◆ EXERCISE PROMPT: Where in the records does the word "sale" occur? Copy each line in which it does.
RECORDS PROVIDED: Begin
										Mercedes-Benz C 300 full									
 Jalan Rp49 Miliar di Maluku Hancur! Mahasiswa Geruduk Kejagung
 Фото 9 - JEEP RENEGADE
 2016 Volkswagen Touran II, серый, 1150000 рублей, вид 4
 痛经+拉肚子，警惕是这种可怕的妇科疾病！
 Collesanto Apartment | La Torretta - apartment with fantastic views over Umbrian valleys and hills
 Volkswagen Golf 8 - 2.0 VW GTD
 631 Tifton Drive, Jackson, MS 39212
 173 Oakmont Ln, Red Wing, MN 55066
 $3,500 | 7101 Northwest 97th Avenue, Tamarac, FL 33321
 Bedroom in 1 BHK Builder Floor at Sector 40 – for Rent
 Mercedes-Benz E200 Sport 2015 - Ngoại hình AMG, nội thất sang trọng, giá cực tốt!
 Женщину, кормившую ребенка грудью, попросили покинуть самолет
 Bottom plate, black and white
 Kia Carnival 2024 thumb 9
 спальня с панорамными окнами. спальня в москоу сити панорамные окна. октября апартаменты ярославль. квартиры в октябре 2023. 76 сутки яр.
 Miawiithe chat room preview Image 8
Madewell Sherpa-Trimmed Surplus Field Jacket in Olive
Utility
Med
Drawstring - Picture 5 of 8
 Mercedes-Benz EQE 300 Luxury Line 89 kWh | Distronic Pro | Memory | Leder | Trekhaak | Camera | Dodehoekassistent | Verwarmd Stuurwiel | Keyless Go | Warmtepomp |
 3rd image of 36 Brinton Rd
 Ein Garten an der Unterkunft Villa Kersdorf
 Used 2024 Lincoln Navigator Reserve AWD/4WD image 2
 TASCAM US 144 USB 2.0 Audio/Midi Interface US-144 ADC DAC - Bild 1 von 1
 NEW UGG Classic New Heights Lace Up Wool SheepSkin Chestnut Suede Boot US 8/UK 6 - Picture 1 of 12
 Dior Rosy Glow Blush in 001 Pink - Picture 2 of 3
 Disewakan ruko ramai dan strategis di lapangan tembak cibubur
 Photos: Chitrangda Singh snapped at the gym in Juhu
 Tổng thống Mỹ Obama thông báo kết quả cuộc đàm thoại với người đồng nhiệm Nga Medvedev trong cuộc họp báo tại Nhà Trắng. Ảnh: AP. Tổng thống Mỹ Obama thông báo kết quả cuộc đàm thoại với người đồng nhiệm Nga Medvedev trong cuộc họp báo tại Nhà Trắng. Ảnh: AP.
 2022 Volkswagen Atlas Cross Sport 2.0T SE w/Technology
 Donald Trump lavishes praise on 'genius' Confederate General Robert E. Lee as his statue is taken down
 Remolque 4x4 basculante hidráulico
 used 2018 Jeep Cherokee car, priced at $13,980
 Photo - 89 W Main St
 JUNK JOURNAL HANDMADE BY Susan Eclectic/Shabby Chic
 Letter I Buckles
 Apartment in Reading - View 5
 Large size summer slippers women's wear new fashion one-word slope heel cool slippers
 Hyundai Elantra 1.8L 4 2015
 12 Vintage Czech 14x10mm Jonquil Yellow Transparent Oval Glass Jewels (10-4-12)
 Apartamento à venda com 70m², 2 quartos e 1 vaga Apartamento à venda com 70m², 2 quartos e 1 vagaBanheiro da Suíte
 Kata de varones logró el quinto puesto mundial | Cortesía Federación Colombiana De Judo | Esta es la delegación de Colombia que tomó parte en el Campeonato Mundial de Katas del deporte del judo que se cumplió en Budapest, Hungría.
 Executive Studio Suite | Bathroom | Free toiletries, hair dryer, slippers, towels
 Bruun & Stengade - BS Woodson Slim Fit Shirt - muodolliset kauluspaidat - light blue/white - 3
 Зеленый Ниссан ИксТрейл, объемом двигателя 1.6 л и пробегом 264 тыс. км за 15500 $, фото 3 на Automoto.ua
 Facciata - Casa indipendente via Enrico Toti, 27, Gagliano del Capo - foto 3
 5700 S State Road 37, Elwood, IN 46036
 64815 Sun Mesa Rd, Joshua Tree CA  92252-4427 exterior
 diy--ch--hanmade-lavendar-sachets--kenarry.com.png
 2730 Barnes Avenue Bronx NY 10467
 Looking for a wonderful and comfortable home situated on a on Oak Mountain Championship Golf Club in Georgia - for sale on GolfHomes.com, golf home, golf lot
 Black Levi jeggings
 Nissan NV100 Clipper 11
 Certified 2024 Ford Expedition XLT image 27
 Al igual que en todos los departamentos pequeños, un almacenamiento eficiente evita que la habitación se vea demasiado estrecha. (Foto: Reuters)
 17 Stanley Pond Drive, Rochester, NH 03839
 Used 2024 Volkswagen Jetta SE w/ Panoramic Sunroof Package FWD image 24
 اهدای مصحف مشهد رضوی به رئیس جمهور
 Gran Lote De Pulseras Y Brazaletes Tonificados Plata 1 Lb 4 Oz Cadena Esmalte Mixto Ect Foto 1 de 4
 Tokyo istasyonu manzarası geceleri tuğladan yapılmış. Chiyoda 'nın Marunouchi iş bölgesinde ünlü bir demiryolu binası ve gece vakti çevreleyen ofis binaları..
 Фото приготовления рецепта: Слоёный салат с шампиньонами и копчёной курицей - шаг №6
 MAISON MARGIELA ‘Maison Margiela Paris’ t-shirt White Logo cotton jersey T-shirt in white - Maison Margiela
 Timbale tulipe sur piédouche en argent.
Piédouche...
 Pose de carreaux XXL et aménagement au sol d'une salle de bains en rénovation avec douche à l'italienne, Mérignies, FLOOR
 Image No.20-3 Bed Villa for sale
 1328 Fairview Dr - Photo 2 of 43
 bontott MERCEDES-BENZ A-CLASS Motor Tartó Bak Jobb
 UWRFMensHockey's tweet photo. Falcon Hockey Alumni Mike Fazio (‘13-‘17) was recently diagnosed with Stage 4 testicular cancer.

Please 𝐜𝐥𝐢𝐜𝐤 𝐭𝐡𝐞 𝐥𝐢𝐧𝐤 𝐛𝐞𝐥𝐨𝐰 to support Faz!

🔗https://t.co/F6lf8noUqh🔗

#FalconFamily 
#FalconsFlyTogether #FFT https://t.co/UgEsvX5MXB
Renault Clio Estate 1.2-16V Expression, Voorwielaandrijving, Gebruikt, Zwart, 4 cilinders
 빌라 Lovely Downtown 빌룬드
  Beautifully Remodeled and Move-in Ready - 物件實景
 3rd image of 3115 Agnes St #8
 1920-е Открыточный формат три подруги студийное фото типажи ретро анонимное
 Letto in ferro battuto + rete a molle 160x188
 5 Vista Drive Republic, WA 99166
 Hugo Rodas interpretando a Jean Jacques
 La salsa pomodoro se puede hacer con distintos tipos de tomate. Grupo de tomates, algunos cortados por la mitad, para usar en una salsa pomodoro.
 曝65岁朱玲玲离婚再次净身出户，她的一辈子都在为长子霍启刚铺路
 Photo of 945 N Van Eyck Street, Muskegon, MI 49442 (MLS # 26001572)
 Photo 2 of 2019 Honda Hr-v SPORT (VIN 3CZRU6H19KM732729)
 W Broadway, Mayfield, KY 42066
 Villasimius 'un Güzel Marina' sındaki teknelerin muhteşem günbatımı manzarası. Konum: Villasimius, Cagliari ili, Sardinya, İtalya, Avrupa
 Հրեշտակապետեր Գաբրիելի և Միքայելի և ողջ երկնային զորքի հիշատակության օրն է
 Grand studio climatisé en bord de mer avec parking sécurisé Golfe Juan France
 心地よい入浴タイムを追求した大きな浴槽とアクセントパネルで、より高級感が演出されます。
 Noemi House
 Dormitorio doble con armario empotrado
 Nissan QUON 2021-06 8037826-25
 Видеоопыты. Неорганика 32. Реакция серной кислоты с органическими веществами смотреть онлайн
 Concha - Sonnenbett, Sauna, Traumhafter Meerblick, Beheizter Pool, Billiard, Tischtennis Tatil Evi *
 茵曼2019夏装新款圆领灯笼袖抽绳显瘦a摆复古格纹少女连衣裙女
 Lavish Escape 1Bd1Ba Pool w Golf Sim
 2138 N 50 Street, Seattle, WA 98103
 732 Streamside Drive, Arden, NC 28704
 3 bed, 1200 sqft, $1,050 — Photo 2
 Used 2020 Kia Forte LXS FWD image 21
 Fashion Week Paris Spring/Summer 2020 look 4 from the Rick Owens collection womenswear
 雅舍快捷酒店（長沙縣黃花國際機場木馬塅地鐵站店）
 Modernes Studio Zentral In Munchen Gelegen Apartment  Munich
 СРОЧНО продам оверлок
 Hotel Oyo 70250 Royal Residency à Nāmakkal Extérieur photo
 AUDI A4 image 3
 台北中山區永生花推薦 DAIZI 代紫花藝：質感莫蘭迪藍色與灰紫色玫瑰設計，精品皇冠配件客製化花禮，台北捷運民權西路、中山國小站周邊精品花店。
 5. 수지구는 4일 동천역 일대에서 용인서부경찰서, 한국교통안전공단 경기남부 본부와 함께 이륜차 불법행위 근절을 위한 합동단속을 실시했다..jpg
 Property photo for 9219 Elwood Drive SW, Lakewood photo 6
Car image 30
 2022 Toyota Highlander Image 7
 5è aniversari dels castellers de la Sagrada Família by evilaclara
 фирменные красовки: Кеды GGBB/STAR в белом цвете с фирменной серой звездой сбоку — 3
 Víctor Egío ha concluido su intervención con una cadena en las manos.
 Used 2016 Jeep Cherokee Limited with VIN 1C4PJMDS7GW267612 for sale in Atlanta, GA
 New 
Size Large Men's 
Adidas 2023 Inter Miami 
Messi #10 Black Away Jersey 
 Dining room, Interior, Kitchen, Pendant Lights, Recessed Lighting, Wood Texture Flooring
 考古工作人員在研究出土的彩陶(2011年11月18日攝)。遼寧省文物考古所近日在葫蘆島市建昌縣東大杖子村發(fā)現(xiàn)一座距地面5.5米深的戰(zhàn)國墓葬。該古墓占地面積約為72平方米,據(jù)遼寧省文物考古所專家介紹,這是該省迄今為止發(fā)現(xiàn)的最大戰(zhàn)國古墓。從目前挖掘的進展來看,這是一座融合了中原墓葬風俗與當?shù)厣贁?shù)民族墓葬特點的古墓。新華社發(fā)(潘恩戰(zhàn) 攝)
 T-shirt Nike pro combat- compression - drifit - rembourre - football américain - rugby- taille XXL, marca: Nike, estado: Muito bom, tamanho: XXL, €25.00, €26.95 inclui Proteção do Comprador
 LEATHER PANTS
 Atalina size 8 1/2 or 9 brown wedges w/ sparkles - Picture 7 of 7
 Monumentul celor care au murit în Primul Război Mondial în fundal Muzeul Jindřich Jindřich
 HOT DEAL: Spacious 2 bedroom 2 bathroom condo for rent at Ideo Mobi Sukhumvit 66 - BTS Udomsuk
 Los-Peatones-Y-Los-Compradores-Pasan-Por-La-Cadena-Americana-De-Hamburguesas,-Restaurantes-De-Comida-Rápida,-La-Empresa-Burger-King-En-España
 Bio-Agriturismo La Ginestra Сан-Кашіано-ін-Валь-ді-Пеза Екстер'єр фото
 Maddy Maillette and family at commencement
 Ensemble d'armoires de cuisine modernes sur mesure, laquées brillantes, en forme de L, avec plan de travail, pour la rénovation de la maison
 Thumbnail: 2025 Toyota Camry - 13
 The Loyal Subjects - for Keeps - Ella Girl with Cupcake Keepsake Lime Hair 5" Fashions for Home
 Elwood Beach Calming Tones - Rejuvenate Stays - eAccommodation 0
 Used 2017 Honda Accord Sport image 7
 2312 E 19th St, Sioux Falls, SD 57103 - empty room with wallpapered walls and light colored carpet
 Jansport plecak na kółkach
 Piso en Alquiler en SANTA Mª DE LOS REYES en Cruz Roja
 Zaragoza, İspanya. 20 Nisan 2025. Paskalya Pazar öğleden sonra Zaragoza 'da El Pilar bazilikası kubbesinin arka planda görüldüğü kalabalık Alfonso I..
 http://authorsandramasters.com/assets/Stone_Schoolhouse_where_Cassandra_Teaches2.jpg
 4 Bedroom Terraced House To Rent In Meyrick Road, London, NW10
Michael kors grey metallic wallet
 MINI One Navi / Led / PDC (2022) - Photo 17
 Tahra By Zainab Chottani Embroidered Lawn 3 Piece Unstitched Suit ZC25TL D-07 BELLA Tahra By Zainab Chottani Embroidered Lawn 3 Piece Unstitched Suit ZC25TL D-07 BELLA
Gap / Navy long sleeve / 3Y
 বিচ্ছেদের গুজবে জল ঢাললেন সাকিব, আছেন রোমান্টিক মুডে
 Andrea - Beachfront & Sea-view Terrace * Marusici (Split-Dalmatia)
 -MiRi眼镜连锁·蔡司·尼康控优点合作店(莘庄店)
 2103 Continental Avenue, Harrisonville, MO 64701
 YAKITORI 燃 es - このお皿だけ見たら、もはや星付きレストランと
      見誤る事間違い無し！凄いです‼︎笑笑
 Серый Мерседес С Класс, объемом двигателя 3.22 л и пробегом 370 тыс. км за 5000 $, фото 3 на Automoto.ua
RECORDS PROVIDED: End
◆ REPLY:
 Looking for a wonderful and comfortable home situated on a on Oak Mountain Championship Golf Club in Georgia - for sale on GolfHomes.com, golf home, golf lot
 Image No.20-3 Bed Villa for sale
 Used 2016 Jeep Cherokee Limited with VIN 1C4PJMDS7GW267612 for sale in Atlanta, GA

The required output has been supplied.